The nation of Nollop, dolloped off the coast of South Carolina (which was founded by former American slaves and abolitionists in the nineteenth century), had always maintained a special, adulatory relationship with the English language. They revered it, elevated it, and then, with bewildering capriciousness, decided to destroy it, through misguided attendance by island leaders to a dead man’s perceived postmortem wishes.
The dead man was, significantly, one Nevin Nollop, purported author of the familiar pangram “The quick brown fox jumps over the lazy dog.” On the island of Nollop, the fox stopped jumping, and the lazy dog, lapsed right into canine coma.
Ella Minnow Pea was intended as a cautionary tale about the fragility of language and the risks attached to assuming that the use of language as a public tool and commodity is an inalienable human birthright. The pen, as it has been famously put, is mightier than the sword. Which means that it’s far more effective for oppressive forces to go after the pen.

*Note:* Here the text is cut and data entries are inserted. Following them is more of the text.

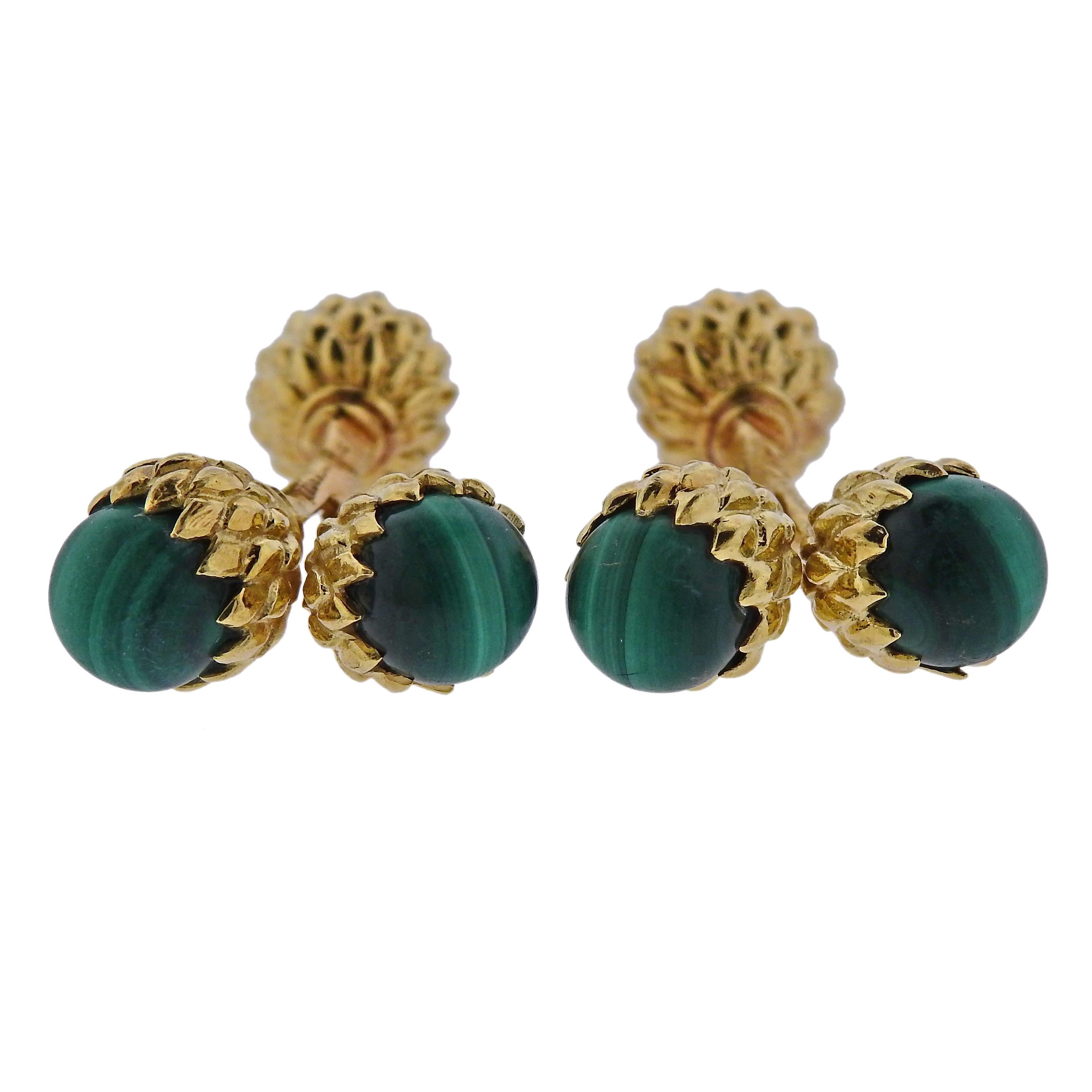 18k yellow gold acorn cufflinks, designed by Jean Schlumberger for Tiffany & Co, set with malachite stones.  Cufflink top measures 20mm x 10mm, back - 8mm in diameter, weigh 17 grams. Marked: Schlumberger, Tiffany 18k.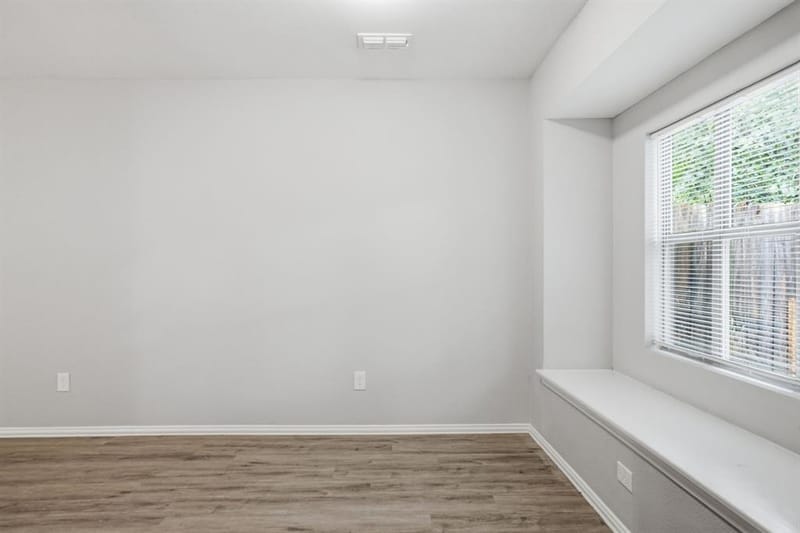 238 Creek Cove Drive, Dallas TX 75217 - Photo 15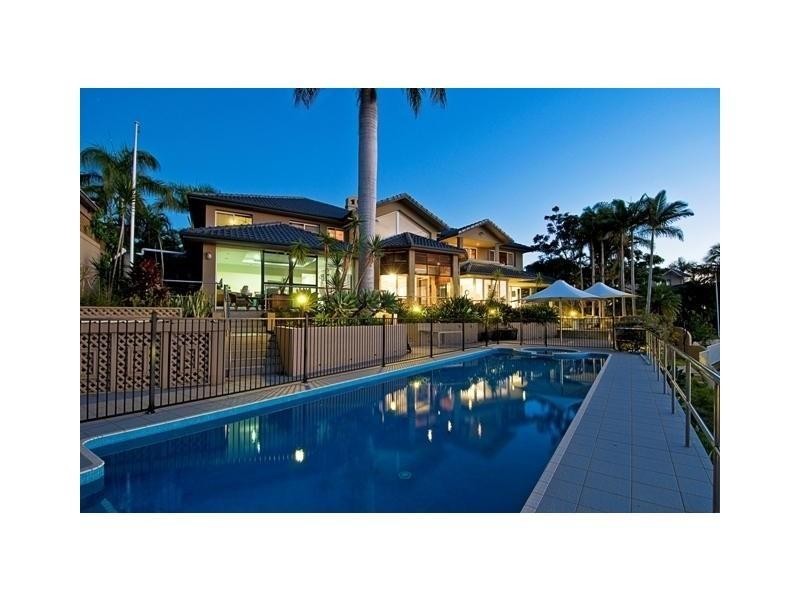 2 Marseille Court, Sorrento QLD 4217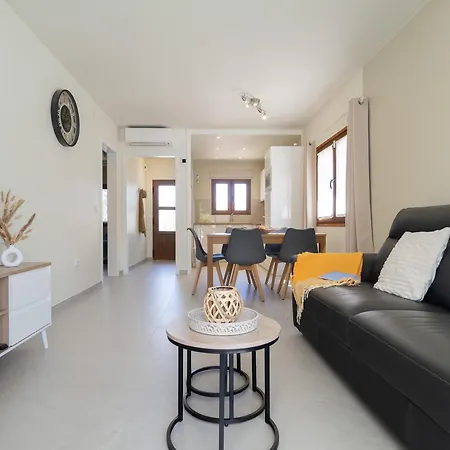 Dom wakacyjny Con Piscina Privada, Aire Acondicionado Y Wifi Cerca De Playa - 3 Habitaciones, 2 Banos - Es-325-15 *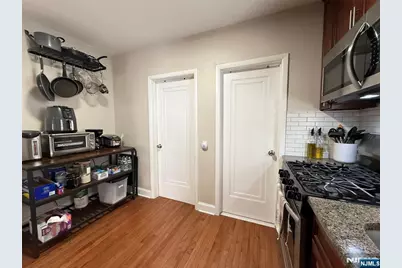 257 Bell Avenue 1st Fl #1st fl, Hasbrouck Heights, NJ 07604 - Photo 14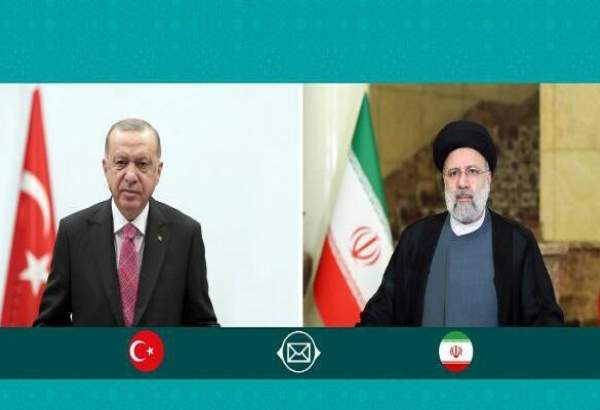 Les présidents iranien et turc discutent de la coopération bilatérale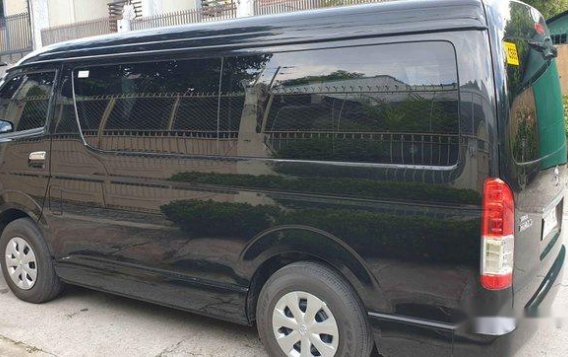 Selling Black Toyota Hiace 2018 at 1900 km in Quezon City-3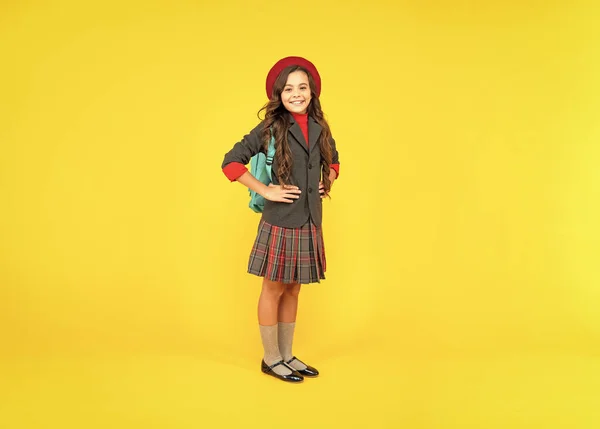 Glimlachende Tiener Meisje Uniform Baret Met Schooltas Gele Achtergrond School — Stockfoto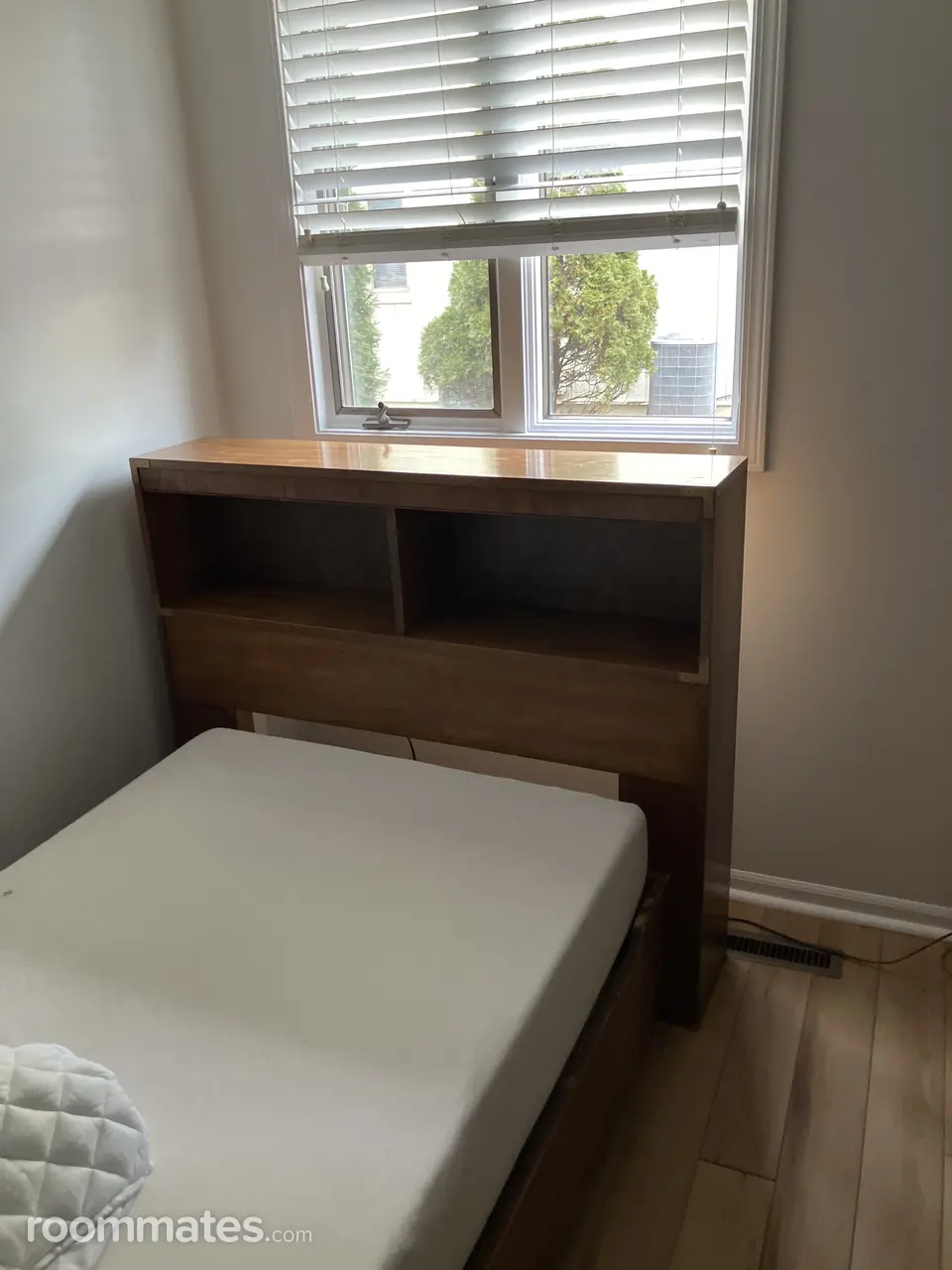 Profile photo 1 of 4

Ella Minnow Pea was intended as a cautionary tale about the fragility of language and the risks attached to assuming that the use of language as a public tool and commodity is an inalienable human birthright.The publication of my novel about Miss Minnow Pea and her fight against those who would eviscerate language through the progressive outlawing of letters of the alphabet put Ella and her fellow equally-beleaguered Nollopians on a two-decade-long journey. She found her way to the shelves of bookstores and libraries throughout the world, was discussed in book clubs and chat rooms and literary forums, was used as clues in both the New York Times and the New Yorker crossword puzzles, and even wound up in stage-musical adaptation as LMNOP (the “muzical!”).
For a book that never made the New York Times bestseller list, Ella slipped into the zeitgeistian cultural consciousness of America through the backdoor. Which put me as the book’s author in the interesting position of having to introduce Ella to those who had still never heard of it, while at the same time hearing it lauded by others as their favorite novel.
There were some who told me, “Of course I know Ella Minnow Pea. I had to write a paper on it for one of my high school English classes.” Those folks are now the parents of kids whose own English teachers have tucked the novel right into their own classroom curriculum. (There are now student study guides written for Ella, which have taught the book’s author a thing or two he didn’t know about his own novel.)
Ella Minnow Pea isn’t alone in addressing the struggle to oppose those who seek to outlaw or, at the very least, put ludicrous fetters on language. On the isle of Nollop, its citizens are forbidden, under heavy penalty, to use, first, the letter “Z,” then “Q,” then “J,” then, significantly, the letter “D.” And the “illicitabetical” laws keep piling up to a ridiculous extreme.
Is this any different from Vladimir Putin’s directive to throw people in jail for the “crime” of using the word “war” to describe his country’s invasion of Ukraine? In some parts of America, a man is allowed to read a story to children in a public space, but only if he doesn’t dress as a woman; then the words that come out of his mouth become bizarrely suspect.
Coincident to Ella getting early attention after its original hardback publication in 2001, a community outside of Kansas City, Missouri, decided to publish its list of books that should be removed from local school libraries. (Note: “should,” not “will.” This is otherwise known as the “good old days.”)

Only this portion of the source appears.